This brings us to one sharp difference of opinion I encountered on the military situation. Some foreign residents thought that Germany was strong enough to risk a great Western offensive in the spring or summer of 1940, either directly at the French Maginot Line or down through Holland and Belgium. That is certainly what high Nazis implied when they boasted confidently of their ability to wage a short war culminating in complete victory. However, most foreign observers told me they thought the odds were distinctly against the success of such a venture, especially in the war’s first year. Such an offensive, the most tremendous military operation ever undertaken, would entail not only prodigious loss of life but an equally prodigious consumption of war material. These objectors did not think Germany as yet possessed the economic reserves, especially of oil and steel, to carry through a complete Western offensive to a successful conclusion. At best, it would mean a supreme gamble, with speedy collapse as the penalty for failure. They therefore concluded that, unless Germany was economically in such bad shape that she could not hold out long even on the defensive, the High Command would be unlikely to risk everything on a single thunder stroke.

The obvious conclusion to be drawn from these conflicting viewpoints was that, if Germany launched a Western offensive in the current year, it would indicate either great strength or great weakness.

All this emphasizes the vital importance of the second factor ­ industrial raw materials.
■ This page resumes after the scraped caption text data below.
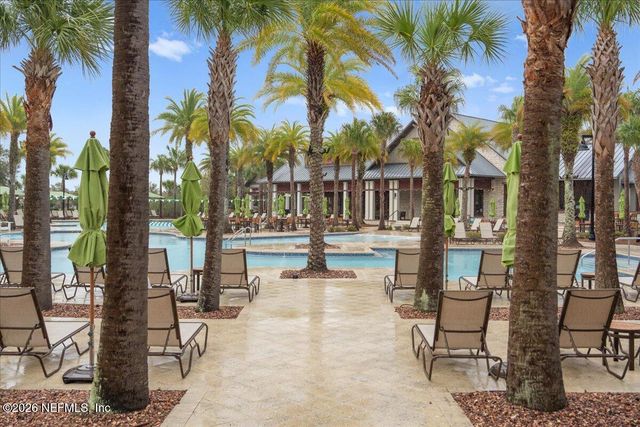 40 RIDGEWIND Drive, St. Augustine, FL 32092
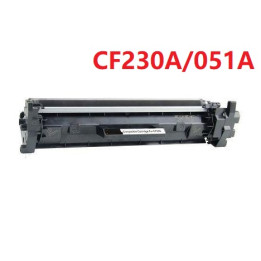 HPCF230A/051A Kompatibel Toner für HP | Toner Luchs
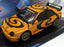 Solido 1/18 Scale Diecast - 04272 Subaru Impreza Tuning Orange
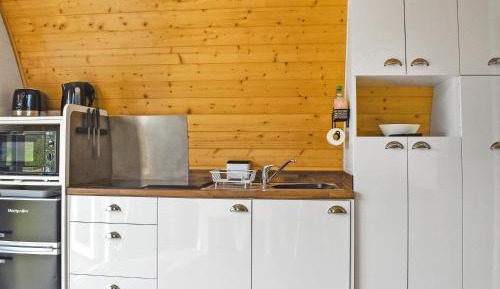 One-Bedroom Vacation Home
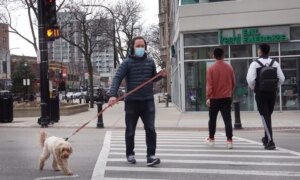 Trump-administrasjonen hevder at Illinois’ reparasjonsprogram for anti-svart boligdiskriminering er rasistisk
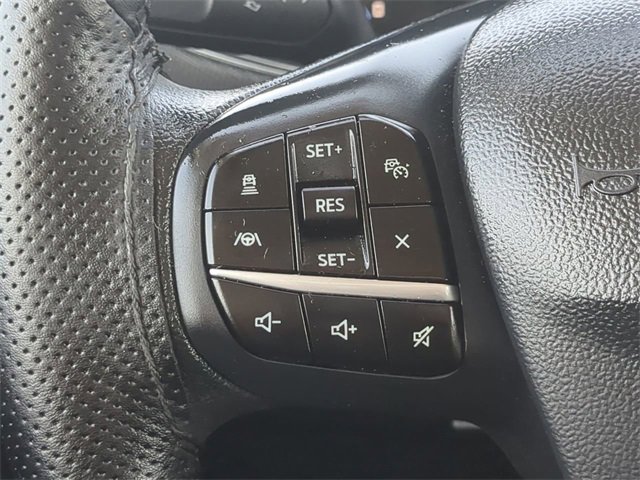 Used 2022 Ford Bronco Sport Big Bend image 24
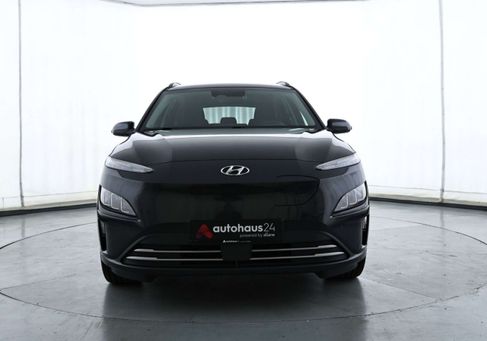 Hyundai Kona, 2023 2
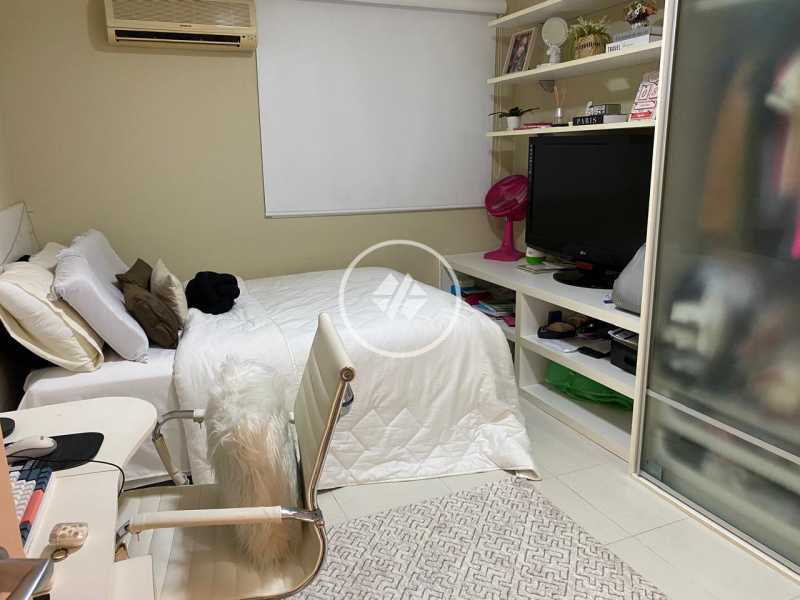 Apartamento, 3 quartos, 115 m² - Foto 15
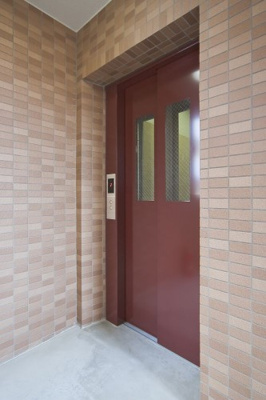 【その他共用部分】 | プレミアムプラス北野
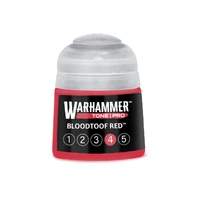 Warhammer Tone Pro Bloodtoof Red 4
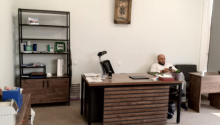2 otaqlı Ofis, Kirayə (aylıq), Bakı, Nərimanov, Nəriman Nərimanov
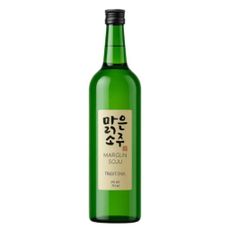 MARGUN SOJU TRADICIONAL 750ML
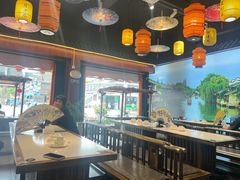 -外婆船宴餐厅·外婆喊你回家吃饭
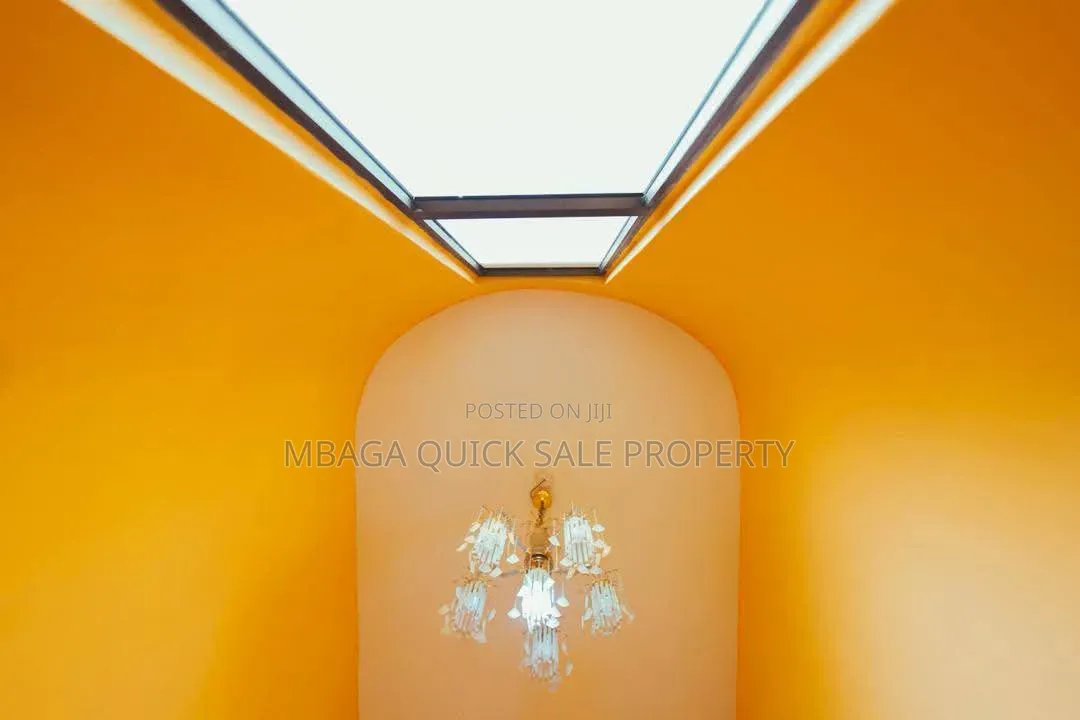4bdrm House in Kigamboni for rent
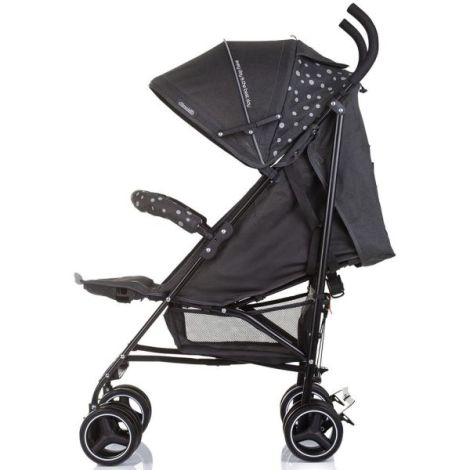 Carucior sport Chipolino Milano zebra - poza 3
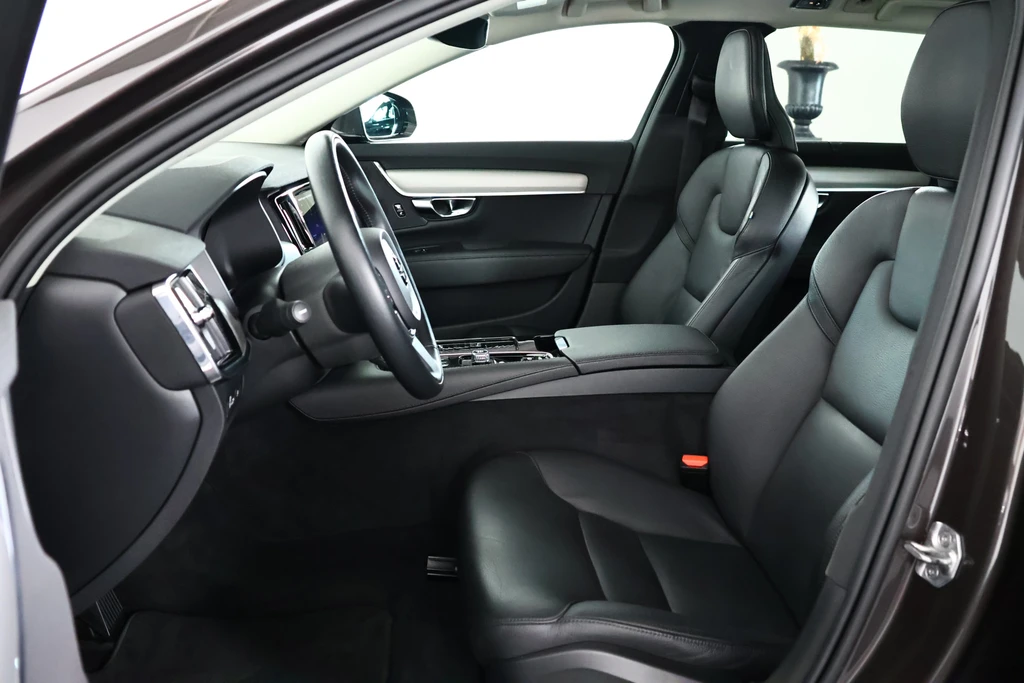 Volvo V90 – foto 13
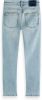 Scotch and Soda Jeans Tigger Skinny Jeans Blauw online kopen
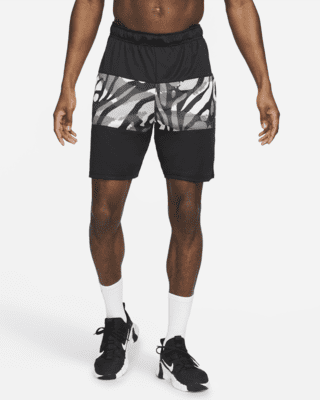 short nike dri fit sport clash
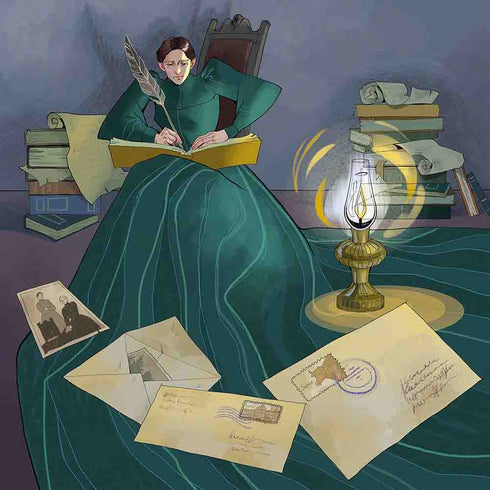 Mujeres que han glorificado a Ucrania. 33 historias inspiradoras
The tragedy of Finland dramatically shows that the finest army is helpless without abundant supplies of every kind. In the same way, the German army would soon be defeated if its sinews of war should be cut.

So far as industrial plant and equipment are concerned, Germany seems amply able to supply its armies, maintain its civilian population above the destitution ­line, and do a considerable amount of foreign trade. An important part of Hitler’s gigantic preparedness program has been the systematic development of heavy industry, which is far ahead of what it was in the last war. By including Austria and Czechoslovakia, to say nothing of occupied Poland, we find that Greater Germany’s plant capacity is approximately 50 per cent greater than in 1913.

Factories, however, can no more run without raw materials than armies can fight without supplies. And modern industry needs a wide variety of materials drawn literally from the ends of the earth. Foremost on the list stand coal, iron, and oil.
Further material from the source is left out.